No wonder Pamuk was under scrutiny and stress, for having written such a
provocative fiction, which more or less brings out the stagnant and stubborn
Persian or Islamic culture in general. The whole book burdens with the rigidity
of a religion, which slowly is beginning to burst under secrecy in the
thriving world of miniaturists- in the world of art, and it is no surprise that
it is only in art, where we can first sense the beginning of a revolution
(Think of Renaissance, and its consequensences). Pamuk here builds a
story - Miniaturists are trying to break from the traditional practice
of Persian art and adopt new persepectival techniques -From Franks(Venetians)
for a mysterious book which includes a portrait of the Sultan, which pains the
head of the workshop who is rigid and wanting to see the world as Allah does,
not as they see - The blind and the seeing are not equal (from the book)
- the fanatics try to destroy the book and also artists who helped create them.
The plot develops in such a manner that one of the artists overcome by fear,
distrust and pangs of suffering from a feeling of doing something devilish,
becomes a devil, and commit murders and the consequence of it
is bizarre - It is a stunning piece of plot which
efficiently draws the fiend out of man aroused by the fear of
a rigid system and the pity is the fiend in him
is the most talented one, which tarnishes the human soul.
The other characters in the book equally stand out. Shekure
and Esther speak for the women of the particular age. Shekures tryst with her
lovers - her husband has vanished and has not returned since four years, her
childhood lover Black has returned to woo her, and her brother-in-law wants to
marry her - She wants to get married to Black, but also loves her
brother-in-law - she becomes indecisive with her two children and let
things take its own course, but she is a privy to all that is happening in the
world of art, for the secret book is under her fathers inspection - her
life has also become like a miniaturist painting and her passion for it
nurtures within her heart what she cannot have for real. Esther is
messenger, a Jew whose character is sometimes like that of a Greek
Chorus, voices out our feelings.
The mystery is well- kept up till the end, but when it is revealed there is no
surprise for the book is too full of violence - when the murderer reveals
himself, there is no catharsis, rather the murderer seems to be mean and
possesed that we, readers too want to get rid of him.
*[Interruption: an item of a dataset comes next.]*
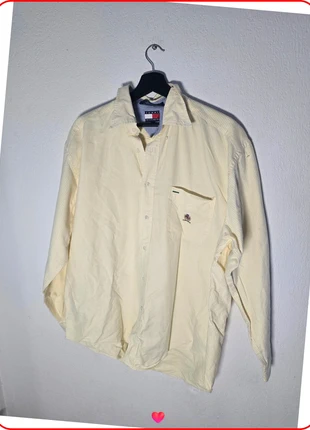 chemise tommy 100% coton jaune logo vintage L, marque: Tommy Hilfiger, état: Très bon état, taille: L, 10,00 €, 11,20 € Protection acheteurs incluse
The titles of the chapters were very interesteing, narration being in the
first person, makes us engross ourselves, and the charcter Orhan - Shekures
younger child as an observer is indeed genuine, for the author himself is a
part of the story he is writing.
What has the West done in bringing its culture East, is a question
left unasked . The Clock(presented to Sutan by The British
Queen), mentioned in the end of the novel, which keeps chiming is perhaps the reminder of the invasion of the west, which viewed the ancient culture as static and rigid or may be it also signifies the arrival of Dynamism to the stagnant cuture- after all East and West belongs to God (from the book) So rigid were the masters of the old schools that they would prefer blindness rather than change their tecniques - to it the bell tolls.
Through the world of art, Pamuk blends history and socialism. Art, ofcourse purges emotions, offering it a release, but before the storm, it brews the disgusting, the ugly, the unacceptable, the impaitence and a remorseless pain- Pamuk has brought it out superbly.